**Material provided**:
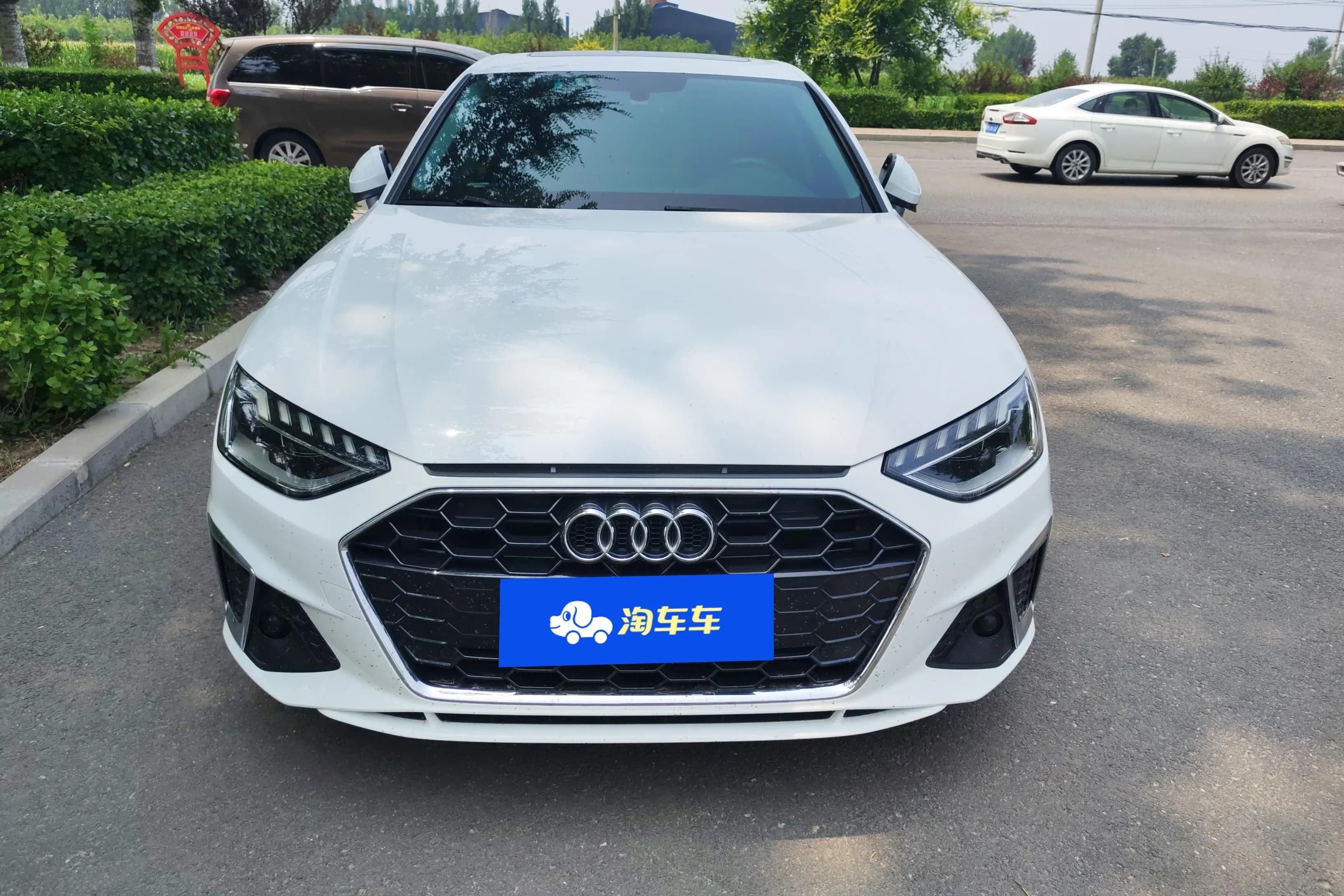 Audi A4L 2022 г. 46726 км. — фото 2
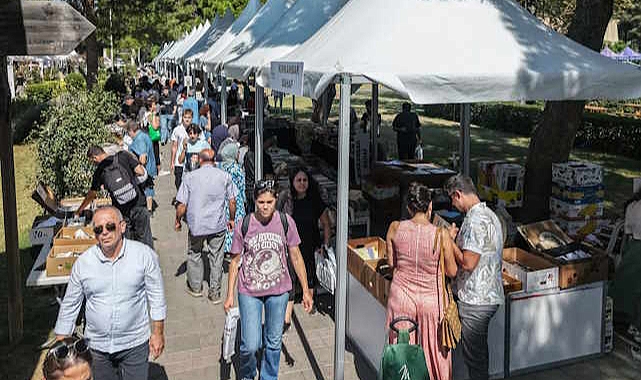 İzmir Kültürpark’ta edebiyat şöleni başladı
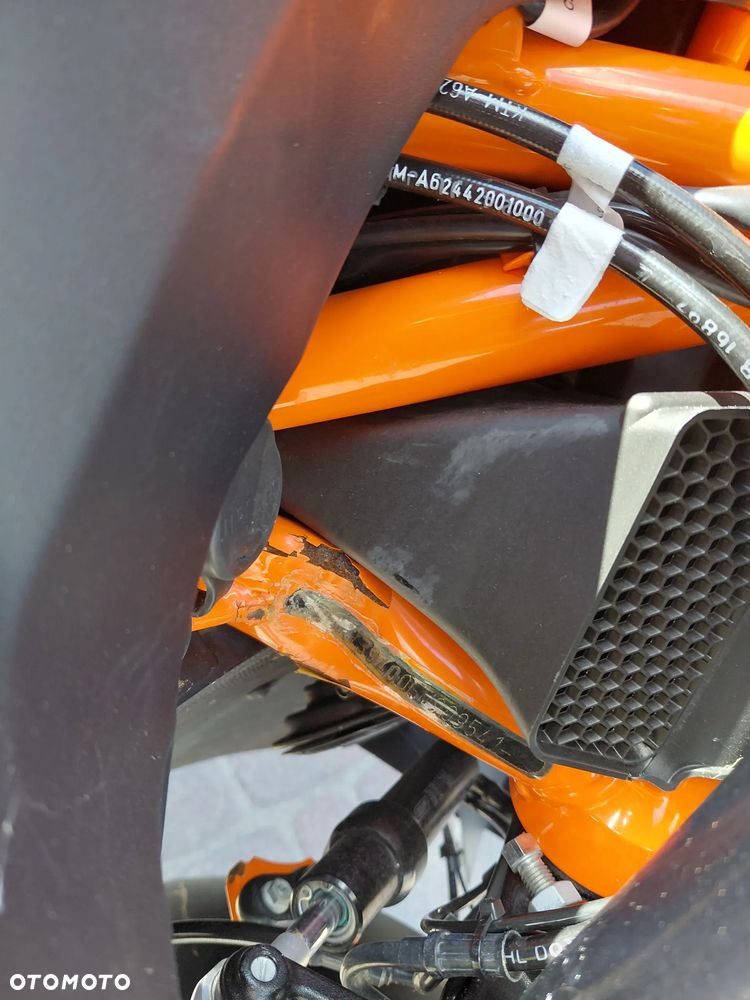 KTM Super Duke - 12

**Assignment**: Reproduce nothing but the lines from the line containing "İzmir Kültürpark’ta edebiyat şöleni başladı" through the last line of the data above, exactly as written and without pictures.

**Output for this exercise**:
 İzmir Kültürpark’ta edebiyat şöleni başladı
 KTM Super Duke - 12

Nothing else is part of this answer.